> **TASK INSTRUCTIONS**
Beginning with the line that contains "Times Square, Midtown, New", extract each line through the end of the listing below, with no additions or omissions.

> **SOURCE DATA**
BEGIN
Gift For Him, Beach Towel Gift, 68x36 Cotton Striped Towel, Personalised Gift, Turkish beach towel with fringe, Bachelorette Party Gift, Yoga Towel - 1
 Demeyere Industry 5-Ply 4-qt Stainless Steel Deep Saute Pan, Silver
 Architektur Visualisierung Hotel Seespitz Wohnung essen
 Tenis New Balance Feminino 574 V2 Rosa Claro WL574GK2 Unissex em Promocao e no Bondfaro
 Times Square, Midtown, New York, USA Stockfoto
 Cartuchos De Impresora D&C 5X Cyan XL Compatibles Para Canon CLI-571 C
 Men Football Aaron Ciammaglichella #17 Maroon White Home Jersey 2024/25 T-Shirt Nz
END
> **SOLUTION FOR THIS TASK**
 Times Square, Midtown, New York, USA Stockfoto
 Cartuchos De Impresora D&C 5X Cyan XL Compatibles Para Canon CLI-571 C
 Men Football Aaron Ciammaglichella #17 Maroon White Home Jersey 2024/25 T-Shirt Nz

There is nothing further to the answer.